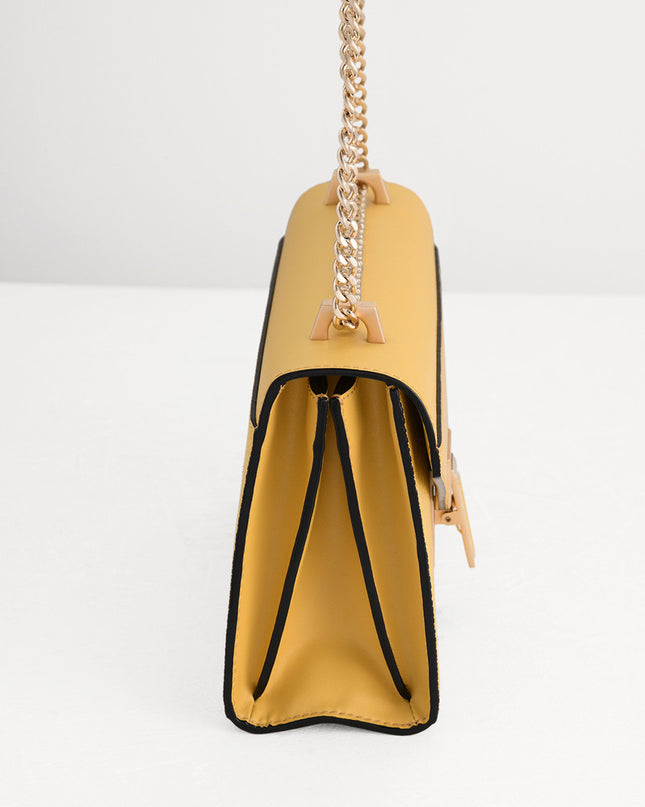 Lizard-Effect Boxy Leather Bag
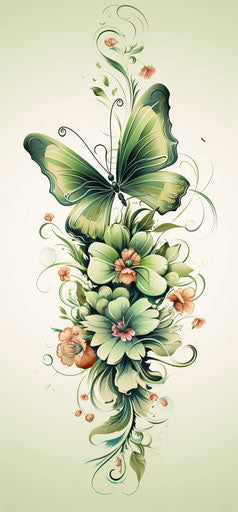 Elegant floral butterfly vector with free-flowing lines
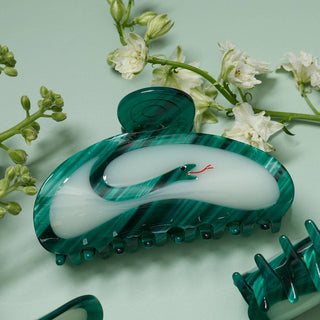 Serpent Jade Green Acetate Claw Clip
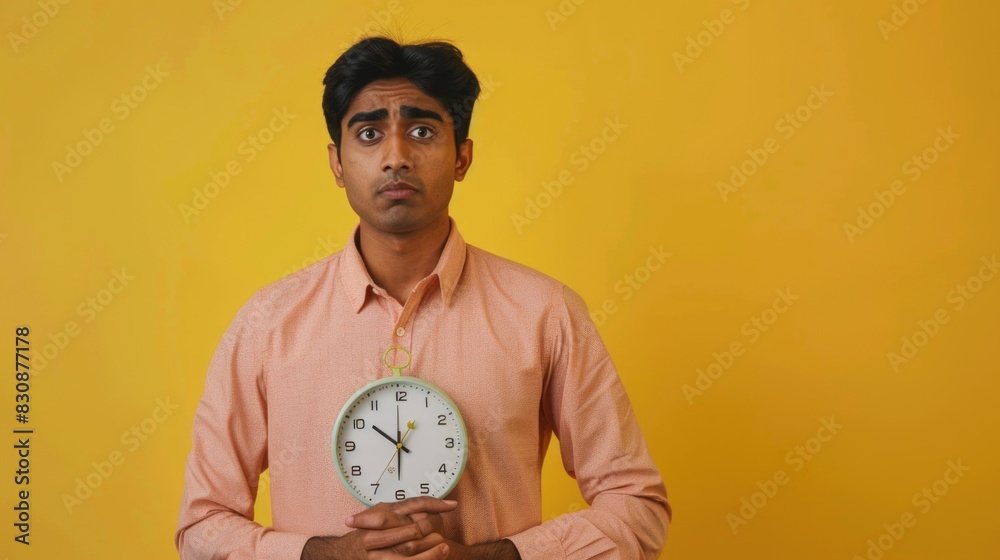 Poster a man holding a clock in front of his face. suitable for time management concept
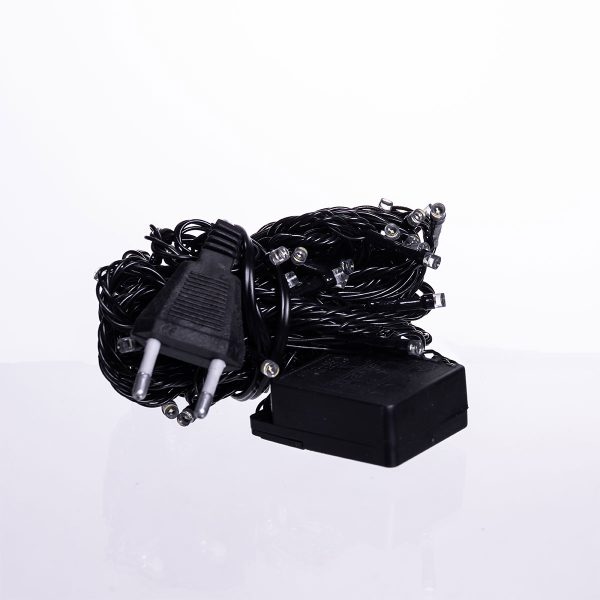 Новорічна кімнатна гірлянда нитка 6 м 50 LED чорний провід Жовтий W50LED6MBY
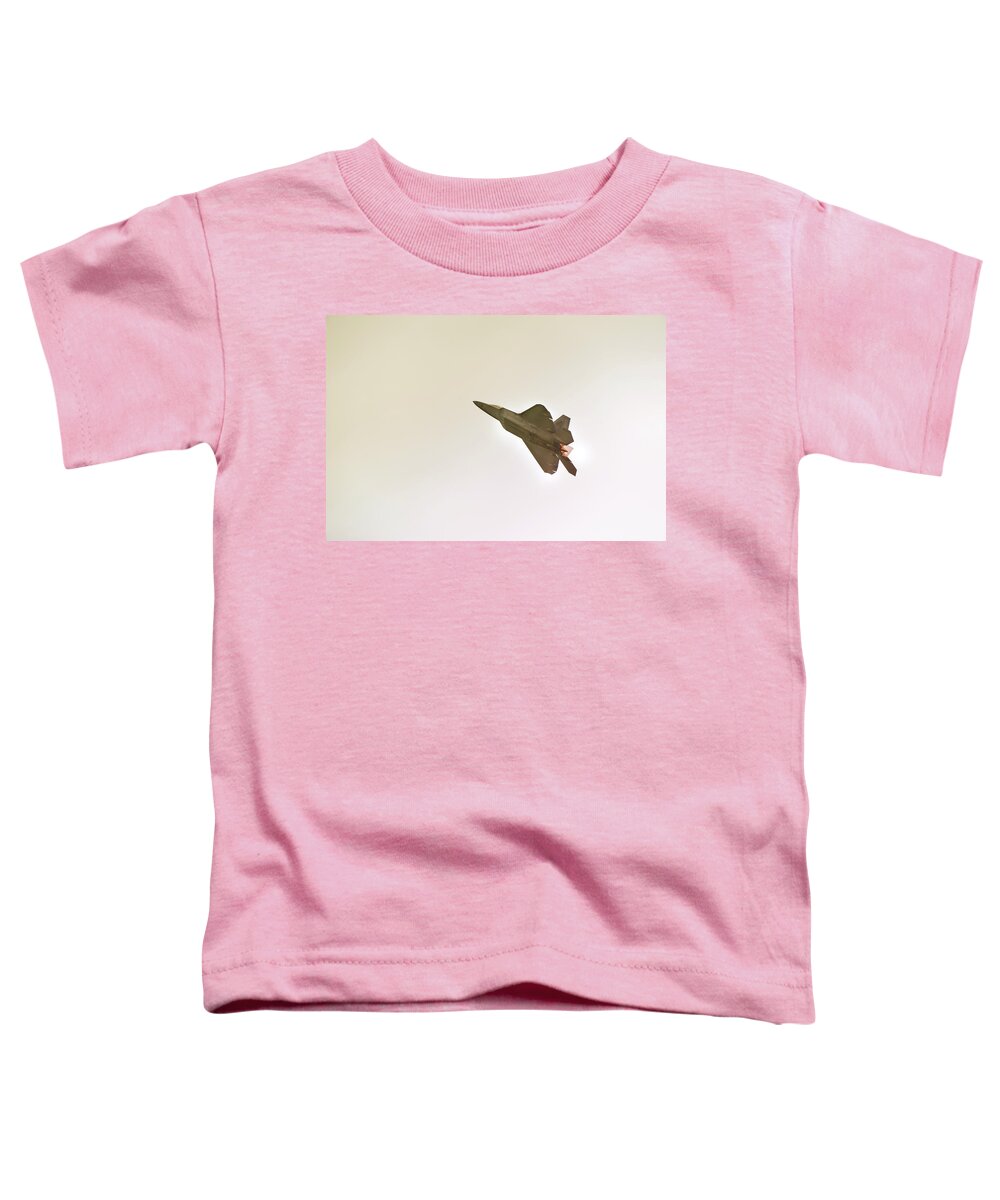 Airplane Toddler T-Shirt featuring the photograph F-22 Raptor by Sebastian Musial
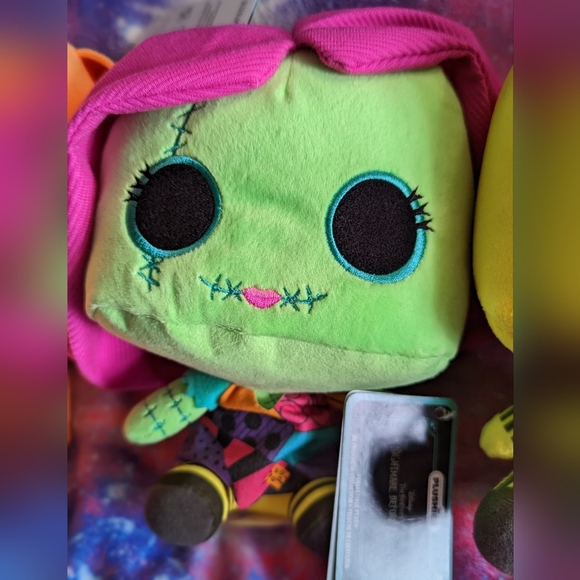 Set of 4 8" Disney Funko Nightmare Before Christmas Neon Blacklight Plushies - Picture 5 of 13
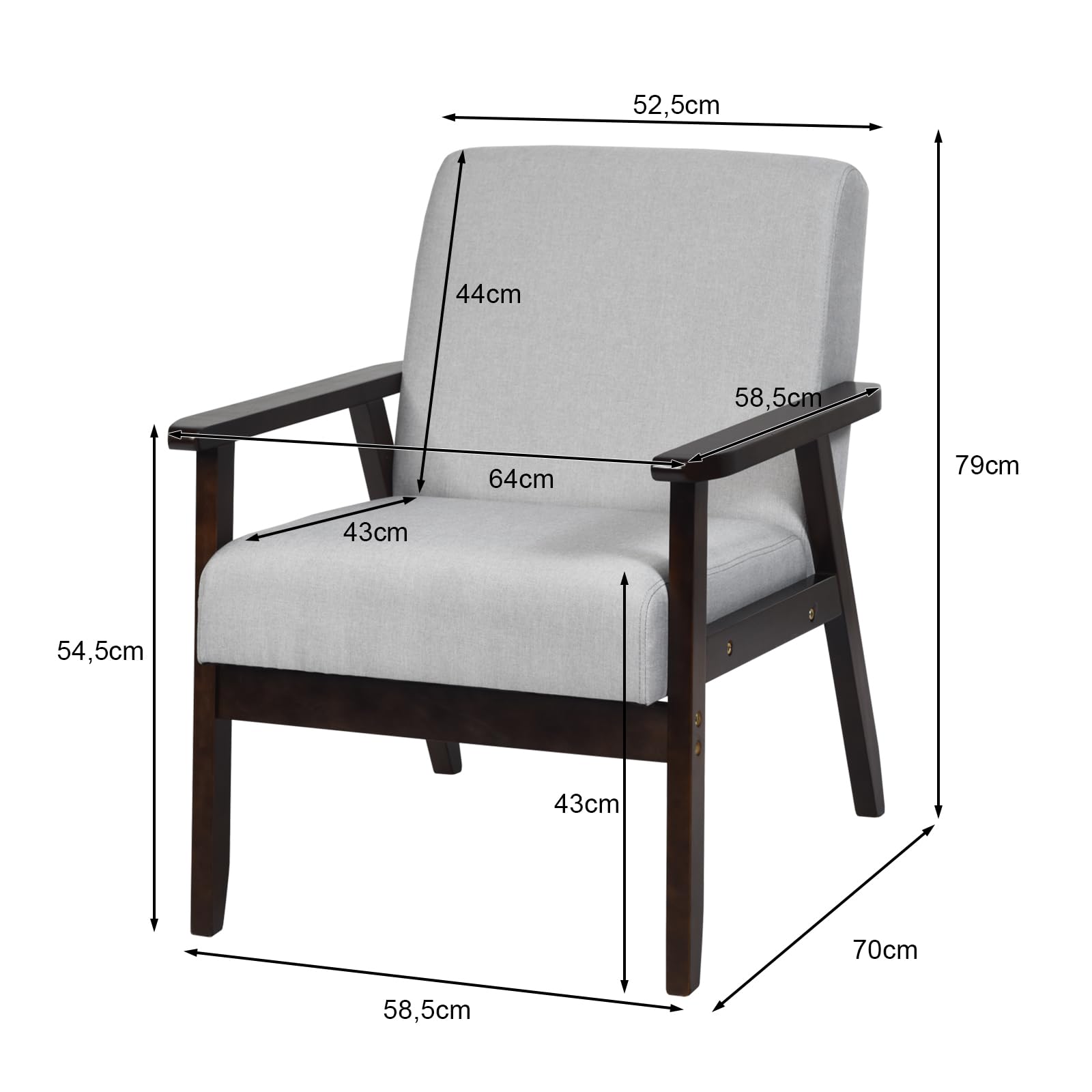 HOMASIS Modern Wooden Armchair with Padded Seat - Convertible Lounge Chair & Single Bed for Bedroom, Living Room, Office - 330 lbs Weight Capacity (Light Gray) | Perfect for Small Spaces, Reading Nook & Guest Accommodation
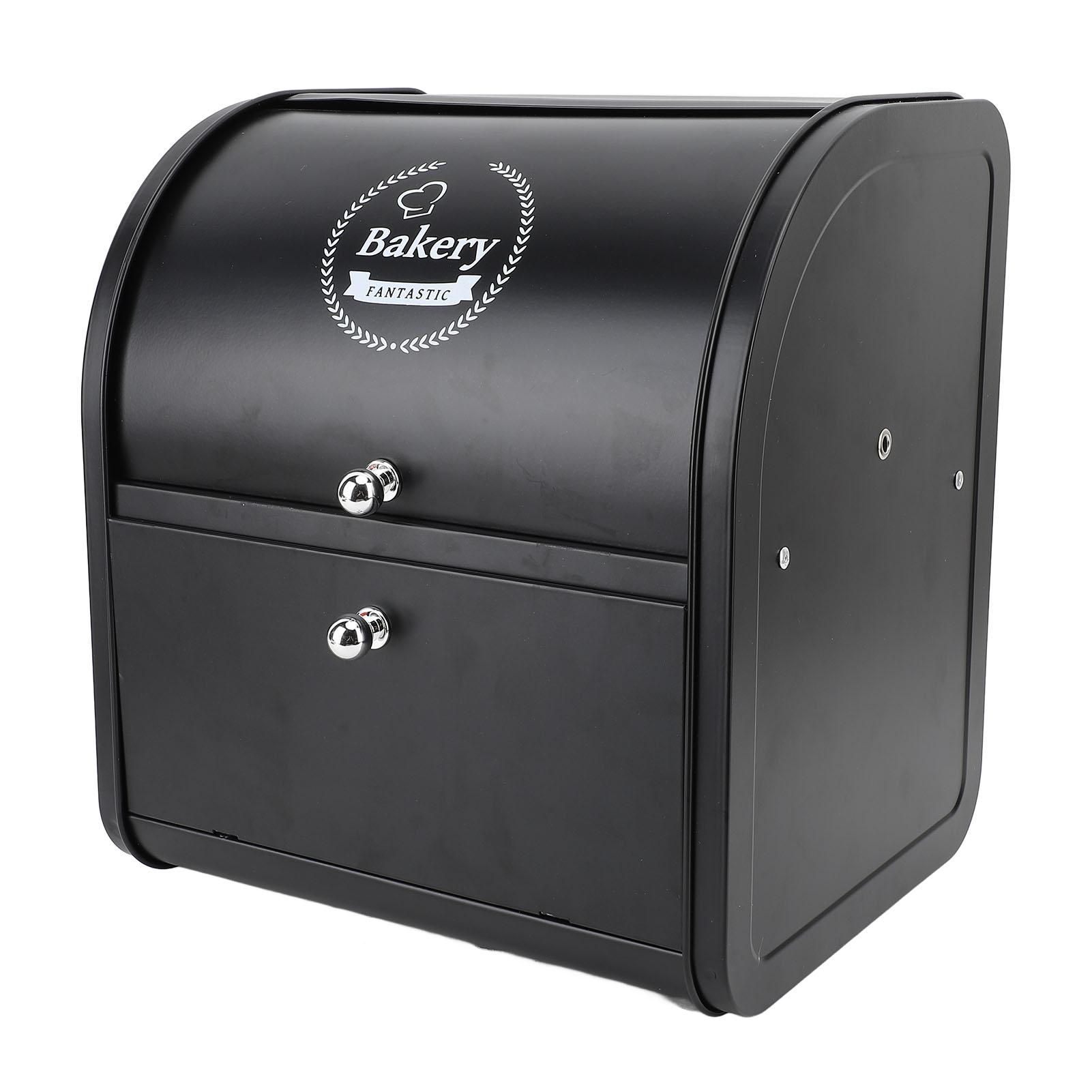 Doppelschichtiger Brotkasten, Brotaufbewahrungsbehälter aus Metall, multifunktionaler Brotaufbewahrungsbehälter mit großer Kapazität Flip Top Double Layer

= = = =

> **What you need to do**: Give back exactly the lines of the listing above from the one that contains "Airplane Toddler T-Shirt" up to and including the one that contains "Picture 5 of 13", but not the pictures, and no other lines.

> **Written solution**:
 Airplane Toddler T-Shirt featuring the photograph F-22 Raptor by Sebastian Musial
 Set of 4 8" Disney Funko Nightmare Before Christmas Neon Blacklight Plushies - Picture 5 of 13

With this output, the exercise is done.